[33] Как это порой случается, безутешная тоска подстегнула лихорадочное вдохновение. Он обрушил свое красноречие на «бесчувственных счастливцев», что упрекают его в излишней скорби, не прочтя книгу его страданий даже до середины.
[34] На самом деле история знает разные примеры. Александр Македонский устроил пышные празднества по случаю завоевания Индии, чем неприятно удивил свой измученный войной, полуголодный народ.
[35] Для монарших семей это было в порядке вещей. «У царей нет близких», как сказал Плутарх. Правила обхождения с царственными родичами были едва ли не жестче геометрических аксиом.

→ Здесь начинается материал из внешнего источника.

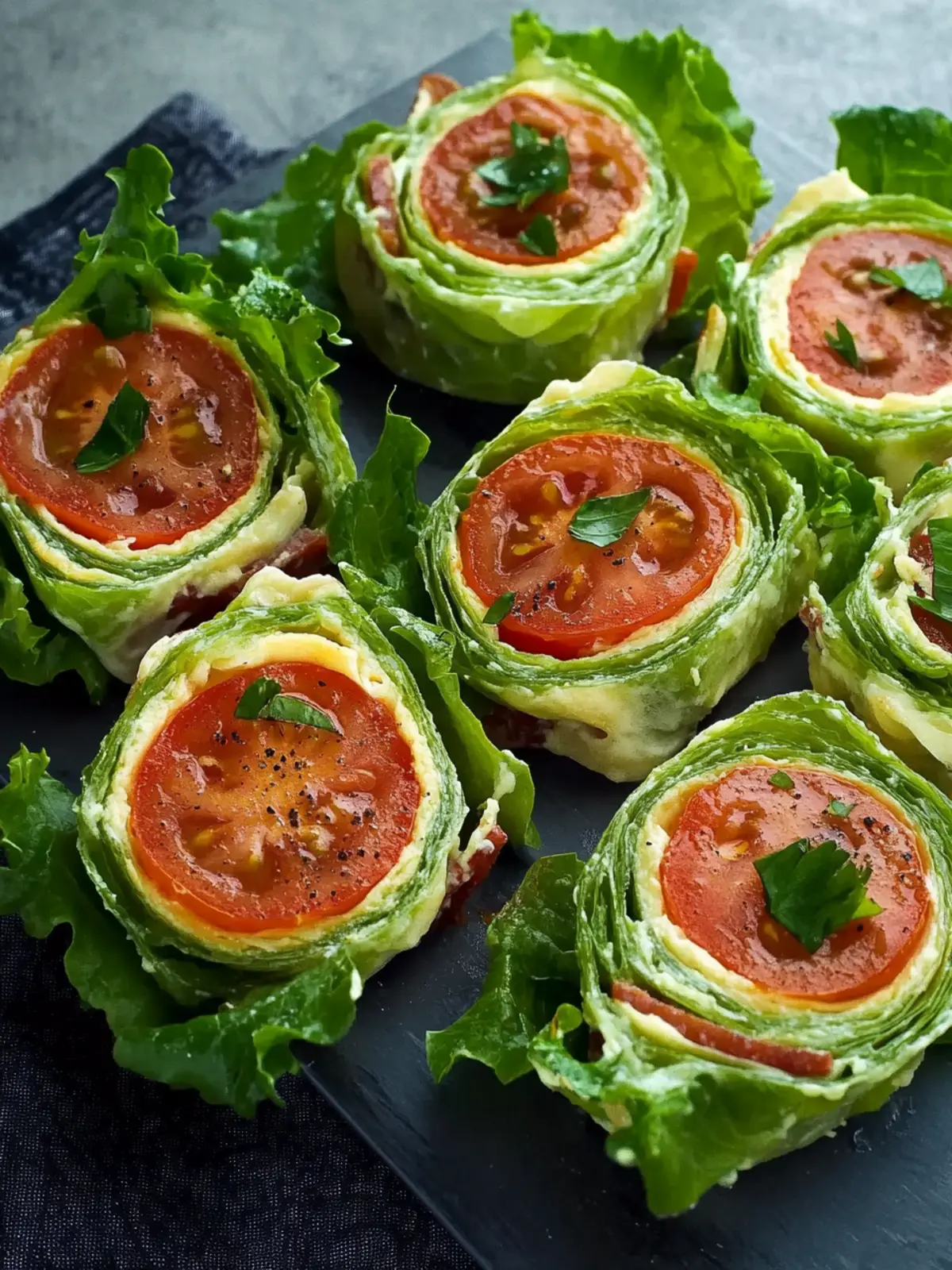 Easy Cheesy Bacon, Lettuce & Tomato Spirals Recipe Anyone Can Make 4 Easy Cheesy Bacon, Lettuce & Tomato Spirals Recipe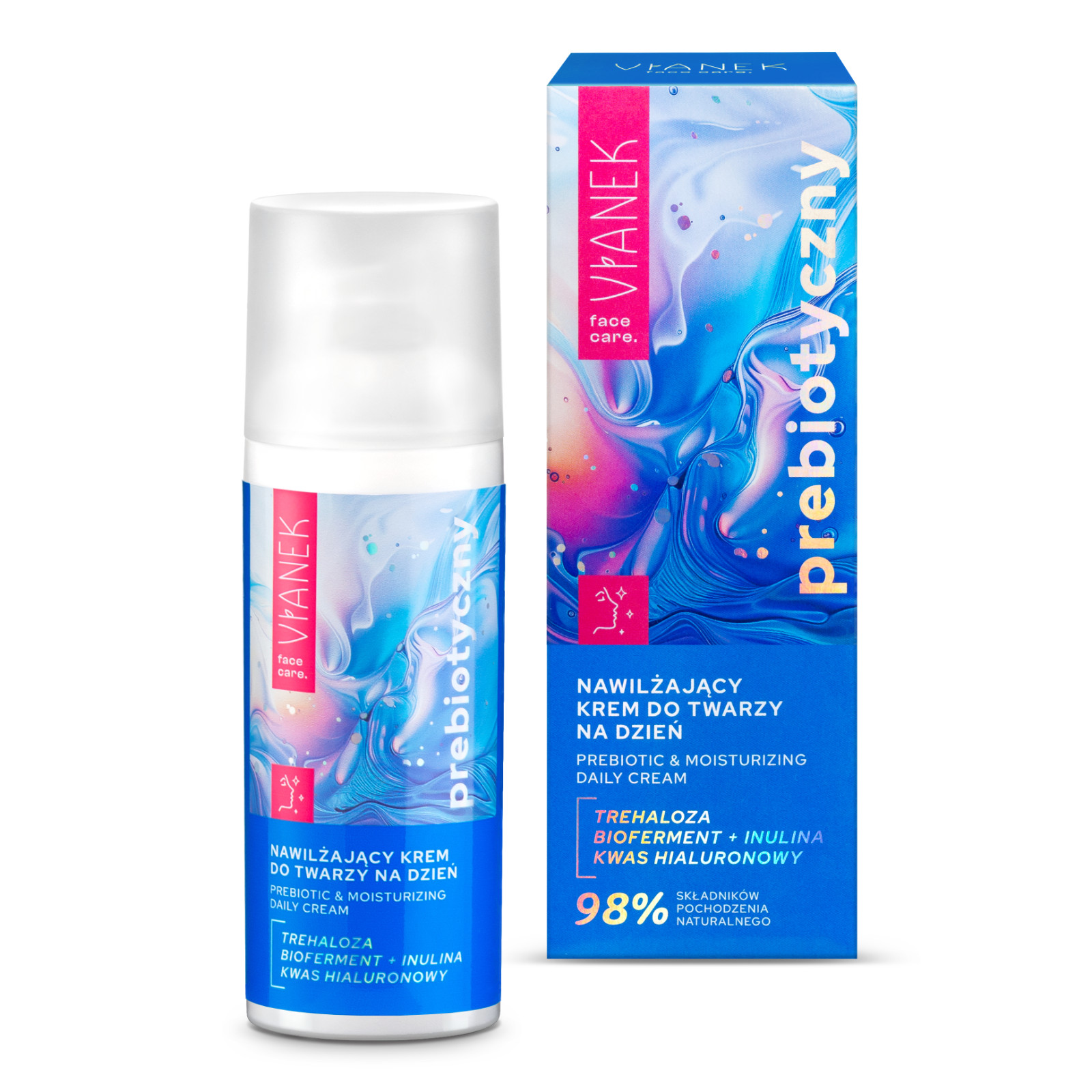 VIANEK Prebiotyczny Nawilzajacy krem do twarzy na dzien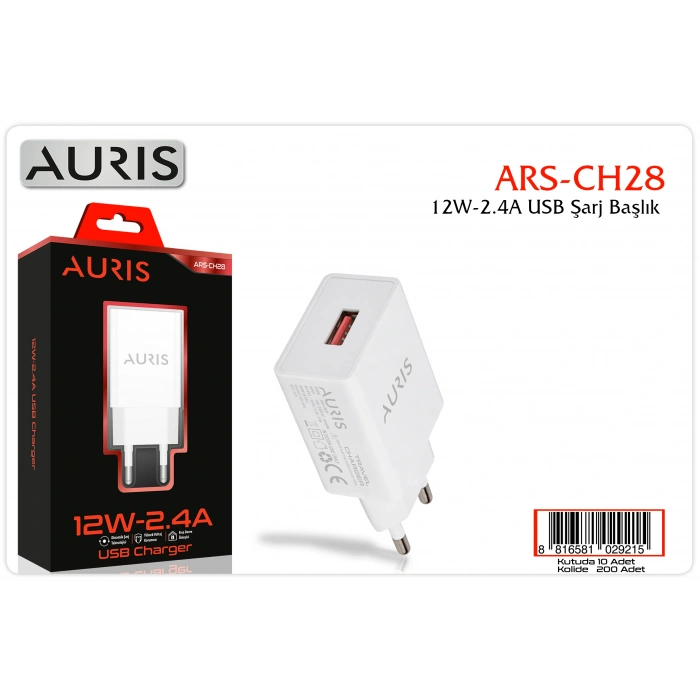 Auris ARS-CH28 Micro Telefon Şarj Seti 2.4 Amper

[36] Удивительное сходство Осириса и Христа в свое время глубоко потрясло Флоренс Найтингейл. В одно прекрасное воскресное утро она зашла в храм Исиды в Верхнем Египте, построенный отцом Клеопатры, и пришла в ужас. «У меня нет слов, чтобы описать чувство, охватившее меня во время посещения Фил, – писала Флоренс родственникам в тысяча восемьсот пятьдесят втором году. – Миф об Осирисе столь сильно напоминает историю нашего Спасителя, что мне показалось, будто я в Иерусалиме. Увидев чью‑то тень на залитом лунным светом храмовом дворе, я подумала: Он здесь. Сейчас я Его увижу».
[37] Обвинения в том, что царица приказала не выдавать кукурузу александрийским евреям, по‑видимому, несправедливы. Евреи издревле были надежными союзниками правительниц из рода Птолемеев. Они служили охранниками и речными стражами, нередко становились военачальниками и крупными чиновниками. Евреи поддерживали Авлета, многие из них последовали за Клеопатрой в пустыню в сорок восьмом году. За храбрость, проявленную в Александрийской войне, Цезарь сделал отличившихся на поле боя иудеев римскими гражданами.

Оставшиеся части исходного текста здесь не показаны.